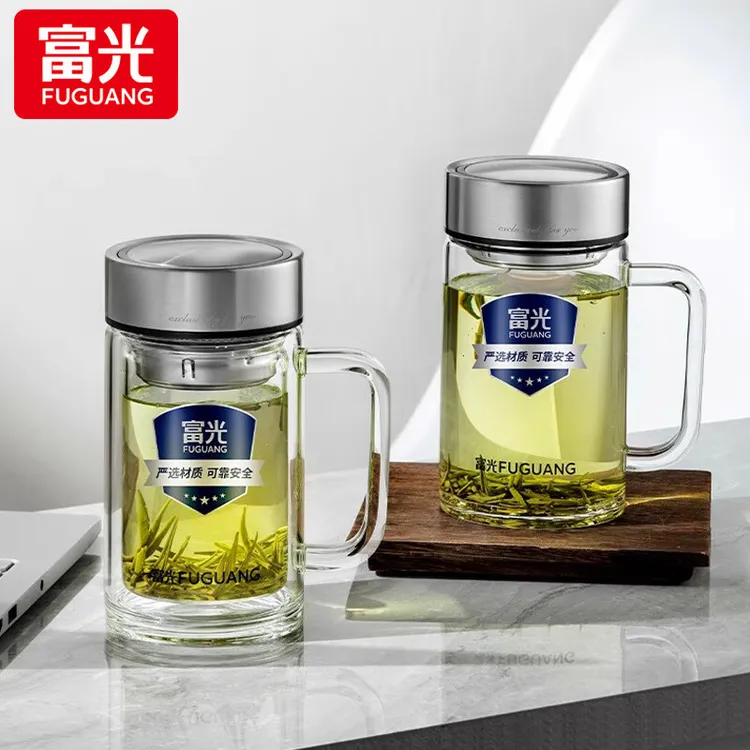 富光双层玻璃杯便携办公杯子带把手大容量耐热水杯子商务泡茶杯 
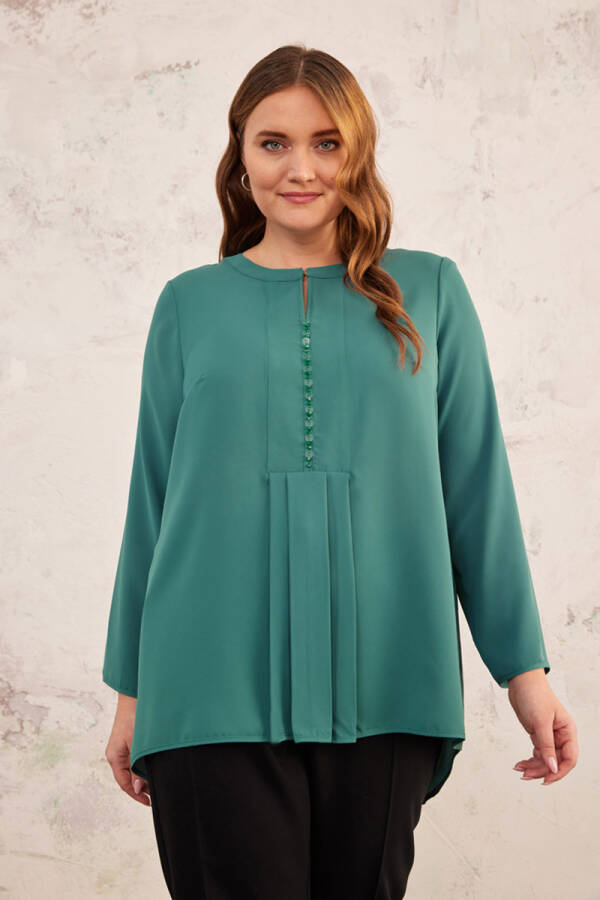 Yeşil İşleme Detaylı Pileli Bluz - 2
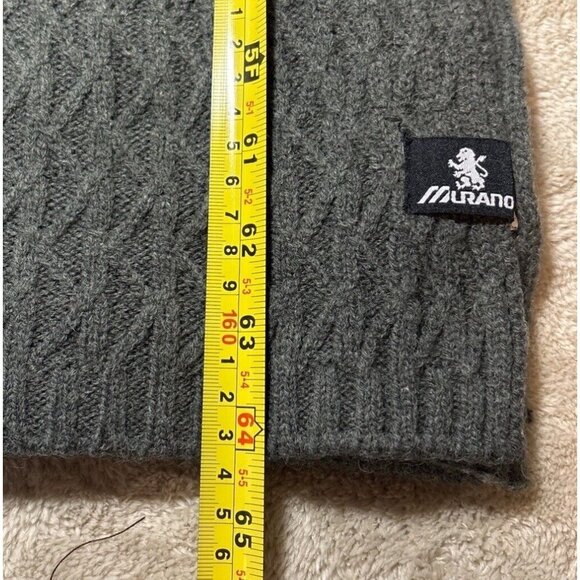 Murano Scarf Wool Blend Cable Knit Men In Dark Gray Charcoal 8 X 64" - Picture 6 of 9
..........
● **TASK DETAILS**:
Pictures stay out; everything else in the listing above gets restated word for word.

● **WRITTEN RESPONSE**:
 富光双层玻璃杯便携办公杯子带把手大容量耐热水杯子商务泡茶杯 
 Yeşil İşleme Detaylı Pileli Bluz - 2
 Murano Scarf Wool Blend Cable Knit Men In Dark Gray Charcoal 8 X 64" - Picture 6 of 9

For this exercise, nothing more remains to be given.